La Turchia vuole costituire una “zona di sicurezza” lungo l’intero confine turco-siriano nella parte del territorio siriano abitata in prevalenza da curdi, insediare lì profughi arabo-siriani e “ripulire da terroristi” la zona. Considera tali le Forze di Difesa del Popolo e delle Donne YPG/YPJ curde e l’alleanza militare multietnica delle Forze Democratiche della Siria (FDS) creata intorno a loro, che con circa 11.000 caduti hanno pagato il prezzo di sangue più alto nella lotta contro “Daesh/Stato Islamico” (IS).
Finora gli USA, attualmente ancora di stanza in Siria del nord con circa 1.000 uomini, hanno sostenuto le FDS nella lotta contro IS. Sia rappresentanti dell’Amministrazione Autonoma sia il Ministero della Difesa USA in proposito hanno ripetutamente sottolineato che non si trattava di una cooperazione politica, ma soltanto tattico-militare tra le milizie (con la loro concezione socialista prevalente almeno nelle file delle YPG) e la superpotenza imperialista.
La Casa Bianca ora ha dichiarato che l’esercito USA “non appoggerà né sarà coinvolto” nell’offensiva turca. Piuttosto i soldati USA dopo la “vittoria territoriale sul califfato IS” non saranno più presenti nelle immediate vicinanze.
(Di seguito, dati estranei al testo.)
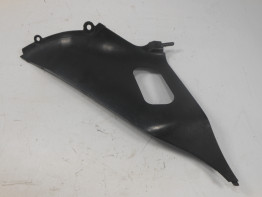 Binnenkuip Suzuki GSX R 750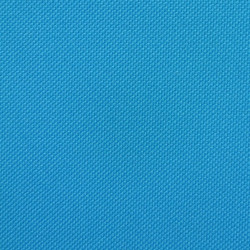 Fréjus Blau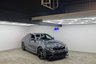 USED 2019 19 BMW 3 SERIES 2.0 320i M Sport Saloon 4dr Petrol Auto Euro 6 (s/s) (184 ps) 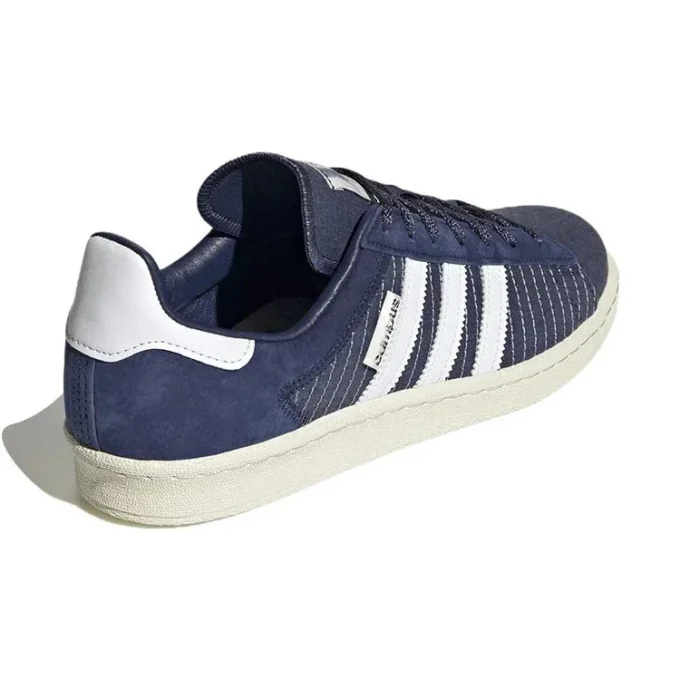 Adidas Campus 80S „Sashiko”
Di fronte alle città di confine abitate in prevalenza da arabi di Serekaniye e Tel Abjad, che le milizie curde e i loro alleati arabi negli anni 2013 e 2015, in combattimenti con molte vittime, avevano liberato dalla propaggine siriana di Al-Qaida “Al-Nusra” e nel 2015 da IS, è posizionata una gran parte delle truppe di invasione.
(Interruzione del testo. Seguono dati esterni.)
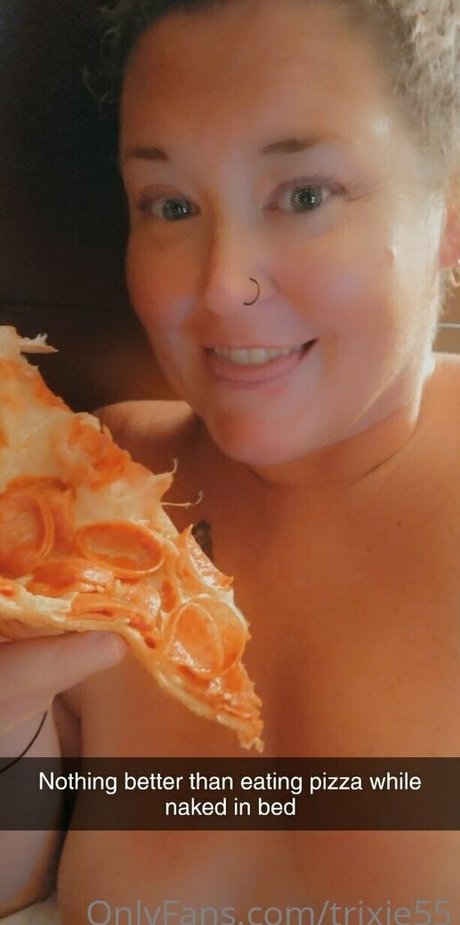 trixie55 nice actress picture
Nella dichiarazione della Casa Bianca si afferma inoltre che Francia, Germania e altri Stati europei si sarebbero rifiutati di far rientrare nei propri Paesi combattenti di IS fatti prigionieri. Il contribuente USA non pagherebbe più per anni i costi per questi prigionieri. Per questo d’ora in avanti per loro sarebbe responsabile la Turchia. Diverse decine di migliaia di jihadisti e le loro famiglie, attualmente, si trovano in carceri e campi nel nordest della Siria sorvegliati dalle FDS. Già nel fine settimana il portavoce delle FDS Mustafa Bali su Twitter aveva annunciato che anche nel caso di un “ingresso limitato” verrebbe data risposta sull’intera linea di confine lunga diverse centinaia di chilometri. Dato che nel caso di un attacco turco tutte le loro truppe dovrebbero essere spostate sul confine, sussisterebbe pericolo di una fuga di massa dai campi di prigionia.
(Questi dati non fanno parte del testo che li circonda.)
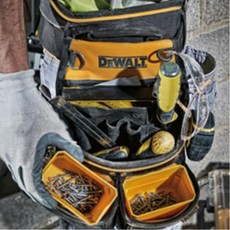 보수 작업용 공구 보관용 공구집, 1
Nel Campo Al-Hol nei pressi di Hasaka, donne di IS già ora hanno conquistato il controllo su parti del campo e nelle scorse settimane ripetutamente sono stati assassinati residenti del campo. È documentato che la Turchia ha cooperato per anni con IS, che solo grazie al mantenimento dell’apertura del confine turco-siriano per gli jihadisti stranieri e forniture di merci e di armi, ha potuto costituire il suo califfato. Di fronte a questo scenario l’annuncio di Trump non significa altro che consegnare alla Turchia un nuovo esercito mercenario di decine di migliaia di combattenti.
Il governo turco, dopo un’occupazione della Siria del nord progetta di insediarvi una gran parte dei 3,5 milioni di profughi siriani in oltre 100 città da costruire. Dal punto di vista di Erdogan, in questo modo si potrebbero prendere due mosche con un colpo solo. Da un lato i profughi, la cui presenza di fronte allo scenario della crisi economica incontra il crescente malumore di parti della popolazione turca, lascerebbero il Paese. Dato che sostanzialmente si tratta di arabi che non provengono affatto dalla Siria del nord, con il loro insediamento si potrebbe modificare la demografia a sfavore della popolazione curda e creare una “cintura araba” tra la popolazione curda della Turchia e quella della Siria. E infine Erdogan spera in aiuti finanziari internazionali che regalerebbero un nuovo boom all’edilizia, fortemente legata al partito di governo AKP.
L’Amministrazione Autonoma del Rojava ha invece dichiarato di voler accogliere solo quei profughi che effettivamente provengono da questa regione.